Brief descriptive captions
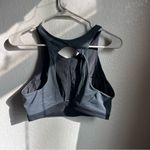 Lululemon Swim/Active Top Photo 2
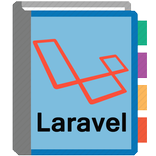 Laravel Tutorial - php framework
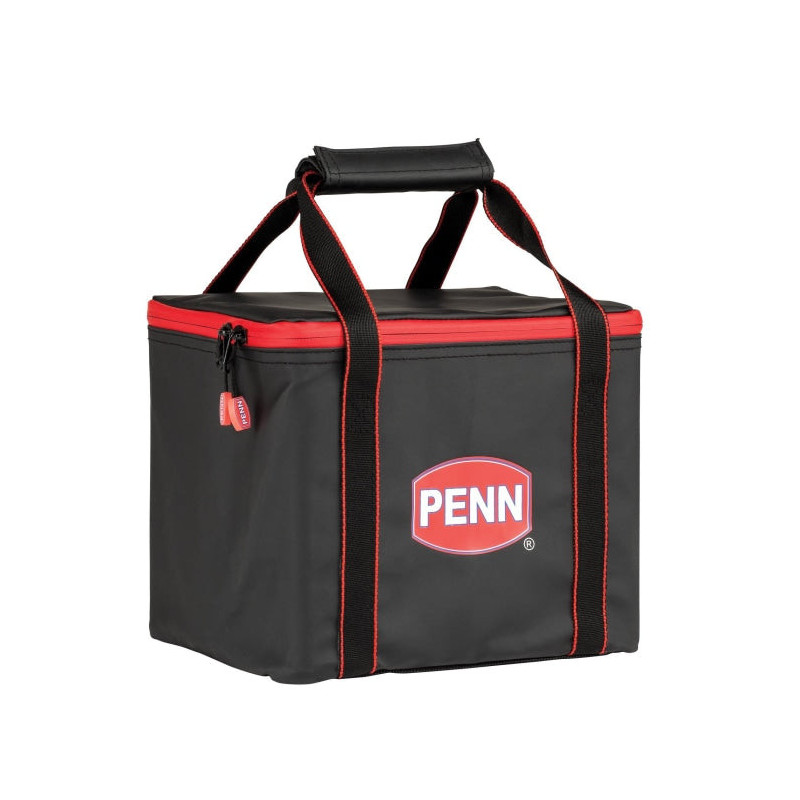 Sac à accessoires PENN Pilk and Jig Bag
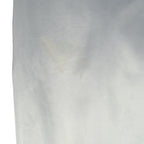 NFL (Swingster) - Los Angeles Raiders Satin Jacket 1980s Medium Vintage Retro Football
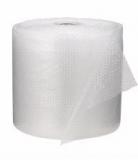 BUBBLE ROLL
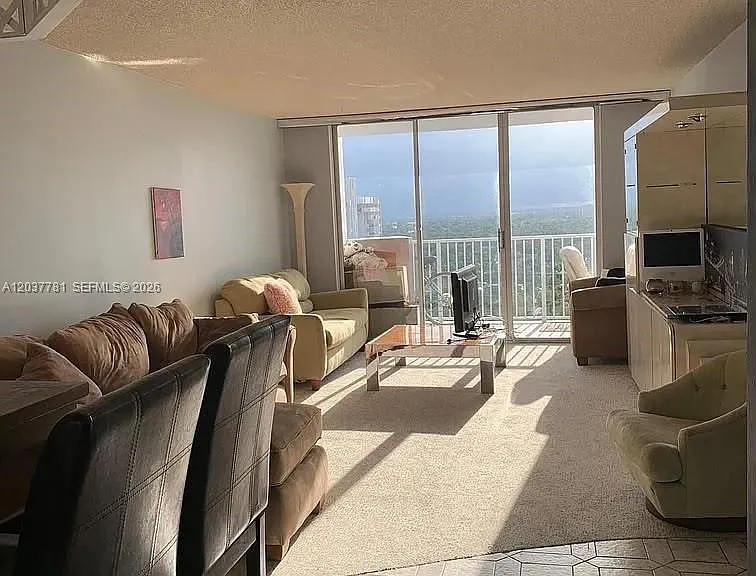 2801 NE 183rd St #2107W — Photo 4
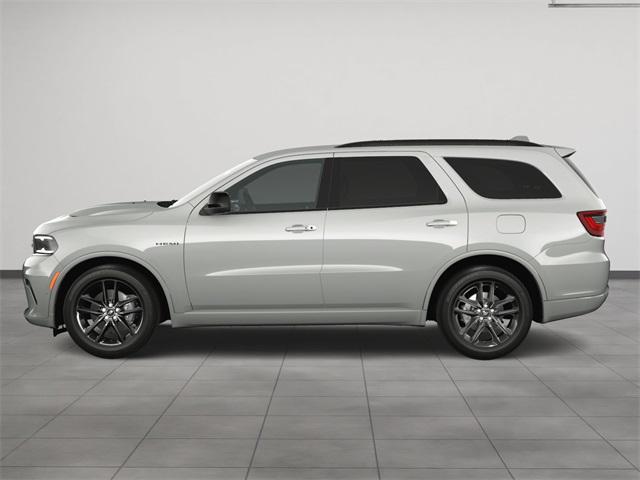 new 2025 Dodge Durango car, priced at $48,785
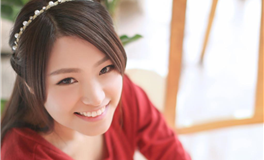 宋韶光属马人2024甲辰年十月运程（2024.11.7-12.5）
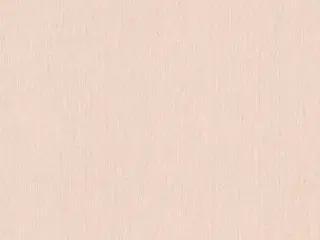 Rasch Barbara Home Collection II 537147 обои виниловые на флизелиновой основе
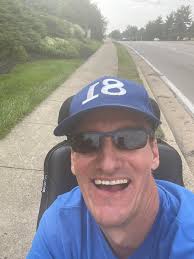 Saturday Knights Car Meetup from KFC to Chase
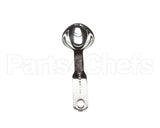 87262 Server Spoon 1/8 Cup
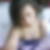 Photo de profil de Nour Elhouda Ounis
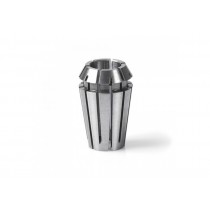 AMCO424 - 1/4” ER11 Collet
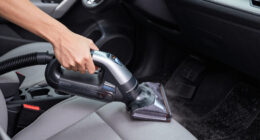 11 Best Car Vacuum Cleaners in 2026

(ABOUT THIS EXERCISE) Exactly the lines from the line that contains "Sac à accessoires PENN Pilk and Jig Bag" through the last line above, and no other lines, must be output, with pictures excluded.

(OUTPUT)
 Sac à accessoires PENN Pilk and Jig Bag
 NFL (Swingster) - Los Angeles Raiders Satin Jacket 1980s Medium Vintage Retro Football
 BUBBLE ROLL
 2801 NE 183rd St #2107W — Photo 4
 new 2025 Dodge Durango car, priced at $48,785
 宋韶光属马人2024甲辰年十月运程（2024.11.7-12.5）
 Rasch Barbara Home Collection II 537147 обои виниловые на флизелиновой основе
 Saturday Knights Car Meetup from KFC to Chase
 87262 Server Spoon 1/8 Cup
 Photo de profil de Nour Elhouda Ounis
 AMCO424 - 1/4” ER11 Collet
 11 Best Car Vacuum Cleaners in 2026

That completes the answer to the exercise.